▶ _Problem requirements_: Using only the entries below, copy exactly the lines that begin at the one with "ASUS（エイスース） 14型ゲーミングノートパソコン ASUS" and end at the one with "О проведении акции", both included. Drop the pictures.

▶ _Provided entries_:

──────

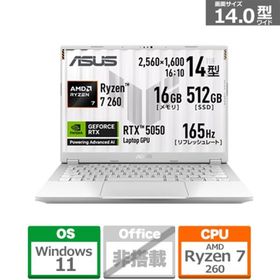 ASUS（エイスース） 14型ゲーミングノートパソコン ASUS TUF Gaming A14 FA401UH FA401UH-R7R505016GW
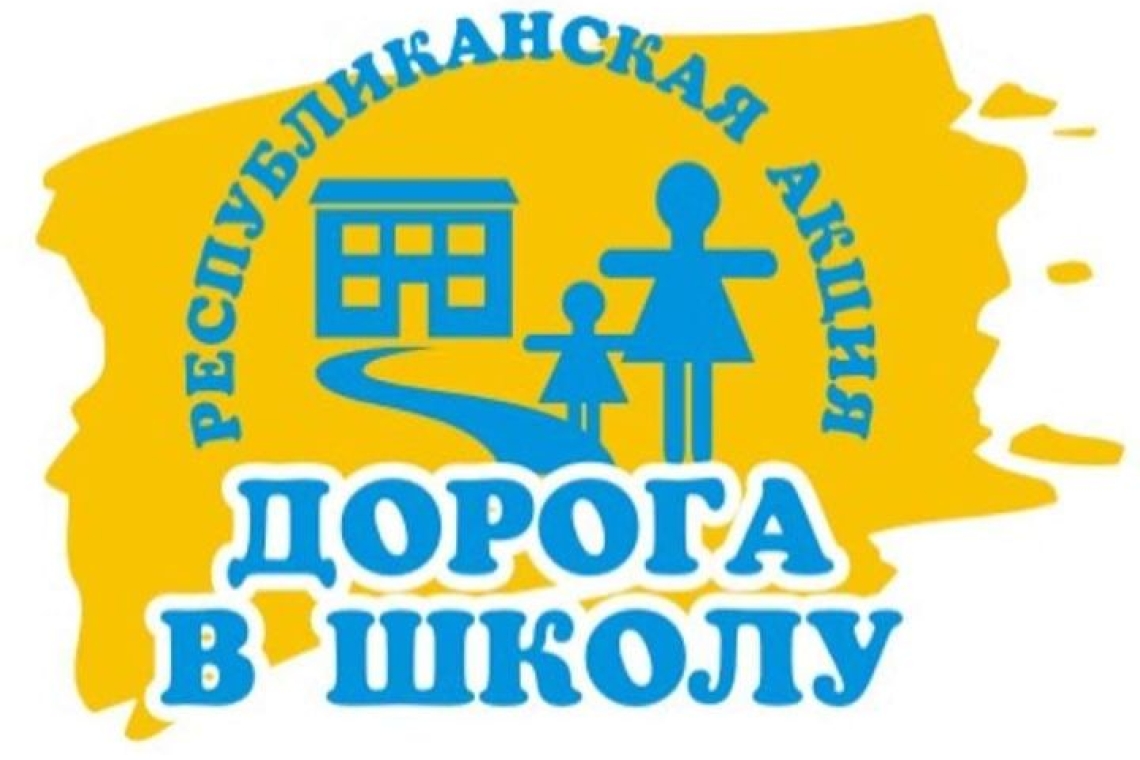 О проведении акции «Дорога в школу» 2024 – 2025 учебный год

──────

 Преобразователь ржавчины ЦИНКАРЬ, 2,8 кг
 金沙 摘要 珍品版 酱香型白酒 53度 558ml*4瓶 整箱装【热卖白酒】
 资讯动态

──────

▶ _Written reply_:
 ASUS（エイスース） 14型ゲーミングノートパソコン ASUS TUF Gaming A14 FA401UH FA401UH-R7R505016GW
 О проведении акции «Дорога в школу» 2024 – 2025 учебный год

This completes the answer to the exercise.